Les aspects financiers sont devenus des éléments incontournables dans la gouvernance des universités. La bonne santé financière des universités permet d’avoir des bases saines pour le développement de stratégies d’ampleur. Ainsi, quels sont les leviers pour l’obtention des ressources propres ? L’objectif n’étant pas de reproduire à l’identique ce qui se fait dans le privé car cela n’aurait peu de sens mais dans le cadre de la diminution des dotations, plusieurs auteurs s’accordent pour dire qu’il faut développer de nouvelles sources de financement (Germinet, 2015; Calviac, 2019; Lamarque, 2019).

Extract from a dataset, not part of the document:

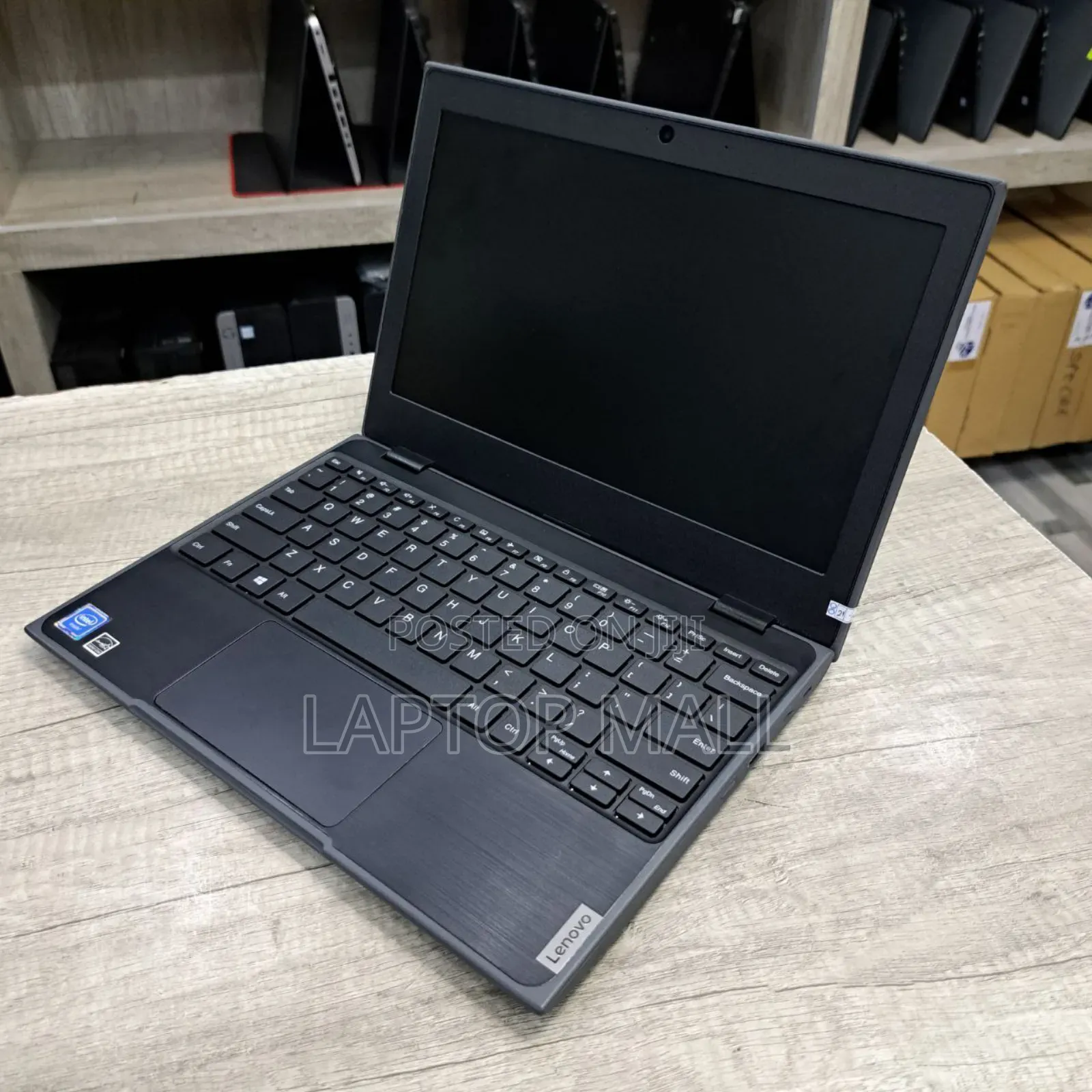 Laptop Lenovo 100e 4GB Intel Core 2 Duo SSD 128GB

Les moyens de développer les ressources propres et les limites

Nous allons nous attarder sur la partie formation. Cette dernière va apporter des ressources principalement sur l’apprentissage et la formation continue. Certains dispositifs sont simples à mettre en place à l’instar de l’apprentissage qui n’impacte que peu les enseignements dispensés dans les formations. Par ailleurs, le gouvernement incite les entreprises à recruter des apprentis notamment avec la création d’une l’aide de l’État de 8000€ passée à 6000€ jusqu’à la fin du quinquennat. Cela n’est pas le cas de la formation continue qui implique des modifications voire des créations de contenus plus importantes de la part des enseignants et enseignants chercheurs. C’est également l’inclusion d’autres acteurs comme les gestionnaires de formation continue pour la partie financement des parcours mais aussi l’inclusion des besoins des entreprises. Les universités doivent alors composer avec les besoins des organisations extérieures tout en assurant la conservation des libertés académiques. Cela fait partie des objectifs multiples des enseignants et enseignants chercheurs s’intégrant dans un temps restreint. Aussi, l’une des principales limites est de savoir comment concilier temporellement l’enseignement, la recherche et le développement de ressources propres. C’est une question qui reste ouverte encore aujourd’hui et qui enraye, en partie, le processus de diversification des ressources propres des universités.

Corentin Mariette

Références

[1] Liberté et responsabilité des universités,https://www.legifrance.gouv.fr/eli/loi/2007/8/10/ESRX0757893L/jo/texte

[2] Responsabilités et compétences élargies

[3] Loi Organique relative aux lois de finances

[4] Gestion Budgétaire et comptable publique

Calviac, S. (2019) ‘Le financement des universités : évolutions et enjeux’, Revue française d’administration publique, 169(1), pp. 51–68.

Germinet, F. (2015) ‘Le développement de la formation continue dans les universités’, p. 81.

Lamarque, É. (2019) Quelle gouvernance pour les établissements universitaires français ? EMS Editions.

Mignot-Gérard, S., Normand, R. and Ravinet, P. (2019) ‘Les (re)configurations de l’université française’, Revue française d’administration publique, 169(1), pp. 5–20.

Serve, S. and Le Glass, L.F. (2017) ‘Les universités françaises depuis le passage à l’autonomie : vers de nouveaux outils d’analyse financière ?’, Revue d’économie financière, 126(2), pp. 265–296.

Weick, K.E. (1976) ‘Educational Organizations as Loosely Coupled Systems’, Administrative Science Quarterly, 21(1), pp. 1–19.